This is not a call for quietism, as the Church states in the Catechism (2234-2243). Section 2242 sets out in black and white the limits of what any state can command from its Catholic citizenry. However, the Magisterium is equally clear that we have to listen to what Wordsworth memorably called the "Stern Daughter of the Voice of God" -- duty:
It is the duty of citizens to contribute along with the civil authorities to the good of society in a spirit of truth, justice, solidarity, and freedom. The love and service of one's country follow from the duty of gratitude and belong to the order of charity. Submission to legitimate authorities and service of the common good require citizens to fulfill their roles in the life of the political community (2239).
Please note that the emphasis here is in the original. As you can see, corrosive partisanship is not on the list of duties. As Catholics, we are held to a higher standard, and we need to meet it. Given how polluted the public square is these days, we have no choice.

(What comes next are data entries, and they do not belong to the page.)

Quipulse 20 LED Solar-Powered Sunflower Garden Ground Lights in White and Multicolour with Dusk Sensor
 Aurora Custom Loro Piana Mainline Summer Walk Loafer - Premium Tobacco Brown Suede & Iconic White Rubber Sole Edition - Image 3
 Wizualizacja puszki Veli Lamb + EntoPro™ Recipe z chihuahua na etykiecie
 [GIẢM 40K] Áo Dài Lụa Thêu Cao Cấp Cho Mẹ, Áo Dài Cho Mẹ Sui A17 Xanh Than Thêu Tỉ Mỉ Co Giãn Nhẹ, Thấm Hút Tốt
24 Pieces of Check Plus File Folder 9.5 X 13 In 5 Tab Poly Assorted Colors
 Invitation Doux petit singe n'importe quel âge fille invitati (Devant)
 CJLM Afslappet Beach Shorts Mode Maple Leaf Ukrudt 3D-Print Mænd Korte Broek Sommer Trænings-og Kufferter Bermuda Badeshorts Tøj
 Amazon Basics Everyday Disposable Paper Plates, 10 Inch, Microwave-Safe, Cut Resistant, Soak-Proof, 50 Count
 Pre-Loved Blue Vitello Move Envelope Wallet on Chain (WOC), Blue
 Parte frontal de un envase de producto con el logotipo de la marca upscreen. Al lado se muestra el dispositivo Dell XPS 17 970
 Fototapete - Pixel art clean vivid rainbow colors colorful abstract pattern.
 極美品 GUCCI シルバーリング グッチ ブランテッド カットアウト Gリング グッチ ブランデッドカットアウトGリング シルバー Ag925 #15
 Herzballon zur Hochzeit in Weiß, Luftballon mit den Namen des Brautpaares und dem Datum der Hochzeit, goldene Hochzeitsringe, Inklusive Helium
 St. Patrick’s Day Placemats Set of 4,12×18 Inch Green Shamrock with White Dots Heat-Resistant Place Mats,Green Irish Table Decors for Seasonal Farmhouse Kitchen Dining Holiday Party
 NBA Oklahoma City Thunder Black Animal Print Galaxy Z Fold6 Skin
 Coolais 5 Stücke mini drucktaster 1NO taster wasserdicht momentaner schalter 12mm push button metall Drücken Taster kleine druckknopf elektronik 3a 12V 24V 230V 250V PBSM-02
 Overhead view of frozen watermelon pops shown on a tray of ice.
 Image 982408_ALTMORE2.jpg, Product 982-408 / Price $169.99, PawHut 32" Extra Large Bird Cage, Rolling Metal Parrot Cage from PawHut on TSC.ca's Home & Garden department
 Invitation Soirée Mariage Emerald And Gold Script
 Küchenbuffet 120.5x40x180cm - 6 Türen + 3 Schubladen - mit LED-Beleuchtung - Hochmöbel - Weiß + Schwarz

Finally, if Scripture and Tradition are leaving you particularly unmoved today, let me offer pragmatism: Shrill, bitter, and paranoid is no way to go through life, son. Nor are they a blueprint for a reversal of electoral fortune. Obama did not campaign on a mantra of bitter, vindictive gloom, and there is a simple reason for it: Nobody wants to be in the same room with a guy who spews this kind of talk, let alone vote for him.
Obama is our next president, like it or not. Our marching orders are clear: Pray for him and our country, work with him where possible to achieve the common good, and fight like a Maccabee when he oversteps his bounds -- all the while remembering that November 2010 and 2012 will be here quicker than we think.
In my heart, I know that I should not be bitter or resentful. Yet I don’t even want to open the newspaper or turn on the television because the sight of Barack Obama turns my stomach. His agenda is unspeakably evil and the country I love elected him as our next president. I feel hurt and betrayed. There were not a lot of campaign yard signs in my neighborhood but there was a sprinkling of signs for both McCain and Obama. I haven’t yet spoken with neighbors I know supported Obama. I really do not want to. It feels like a chasm between us. You know I can civilly argue and discuss foreign policy, economic policy, or health care and agree to disagree. On the other hand, my response to the support as a common good the slaughter of unborn children is both visceral and primal. The human person exists at the moment of conception and is entitled to intrinsic dignity and respect from that moment to the moment of natural death. I can’t compromise on this. It is the truth. Period.
If it were up to me and my fallen nature, reconciliation with Obama supporters would be hopeless. The good news is that is not up to me. There is God’s grace. Through prayer and through the Sacraments, I will be able to love my enemies. It is going to take some time. And loving my enemies does not mean I will ever love or accept their actions. But hate will never lead to the conversion of their hearts. For the sake of the vulnerable, I must love. And then maybe, as in today’s Gospel, the lost sheep will be found and all will rejoice.